Eager to develop, actions at some London-listed mining companies are leaving the door open to corporate governance issues
Nothing is hotter in mining this year than central Asia with many firms vying to get a piece of the untapped resources in the region.
Firms are springing up around good geology, firms that have been able until recently to list on the London Stock Exchange (LSE) in a move that gives them very good access to capital.
But the “Mongolian gold rush” has played havoc with corporate governance rules. These firms, established quickly to enable rapid access to resources, are not all necessarily managed according to best practice.
One firm that gained a London listing was Eurasian Natural Resources Corporation (ENRC), a Kazakhstan-based producer of metals including iron ore, aluminium and ferrochrome. The UK Listings Authority waived the usual requirement that 25 per cent of total shares be available for purchase when it gave ENRC a listing.
Diamond in the rough
A number of such listings took place, based on the so-called “Rothschild model”, named after Nathaniel Rothschild who used it to take Indonesian miner Bumi public. Whether it was accomplished through a reverse merger (in which a shell company takes over the miner and gives it the qualifications for a listing), or through a different arrangement, the Rothschild idea was to take a diamond in the rough such as Bumi or ENRC and use the imposition of western corporate structure to polish it.
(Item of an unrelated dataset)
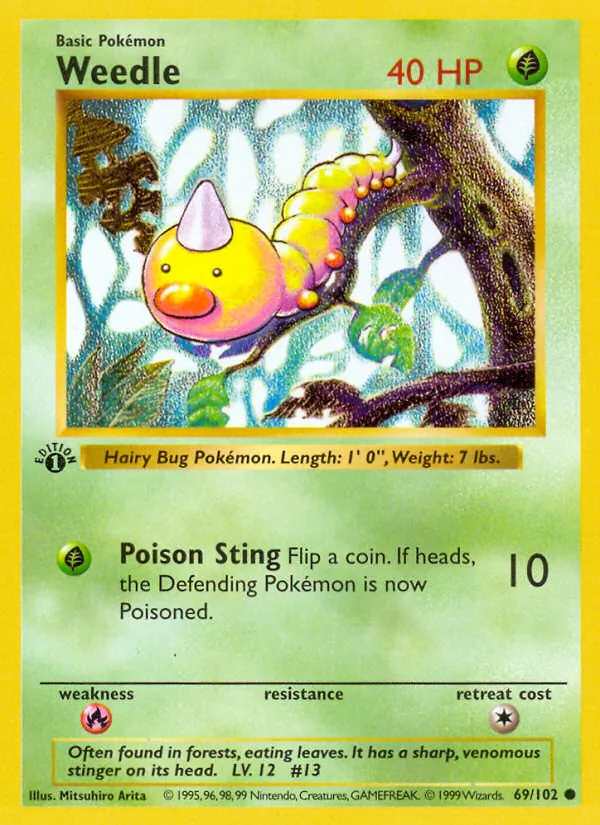 Weedle card from Base Set, number 69/102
“Reverse mergers or similar procedures speed up the listing process,” says John Auerbach of Ernst & Young. “But they also impose risks. One hazard related to reverse mergers is that many companies that would benefit from the added scrutiny and transparency typical of the pre-IPO experience are not subject to such a process.”
But there was concern at the UK Listing Authority that London might miss out on these listings if the strict criteria were applied, so the authority issued waivers.
But all has not worked out as intended. Under the “Rothschild model”, these companies should have improved corporate governance after being listed. Instead, at Bumi, Rothschild fell into a squabble with the company’s majority owners over corporate governance, and this has led to a dispute in which Rothschild was nearly ousted.
Using the back door
At ENRC, the company was listed in 2008, but in 2011 the owners decided to throw out the three non-executive directors whose job was to protect minority shareholders.
These corporate governance issues have hurt the prestige of the LSE, and the Financial Services Authority (FSA) has come up with proposals to change some of the rules.
Jonathan Angell, of the London law firm Dechert’s securities group, says: “The proposals clarify the FSA’s approach to reverse takeovers. The concern is that reverse takeovers may be used as a ‘back door’ to secure a listing of ?a business which would otherwise be ineligible.
“The FSA will require issuers to contact the FSA as soon as possible after a reverse takeover is agreed or in contemplation.”
Closing that back door to listings, or at least keeping a closer watch on it, can only be good for the London market. And it leaves the door open a fraction of an inch so that such companies can still list when they qualify.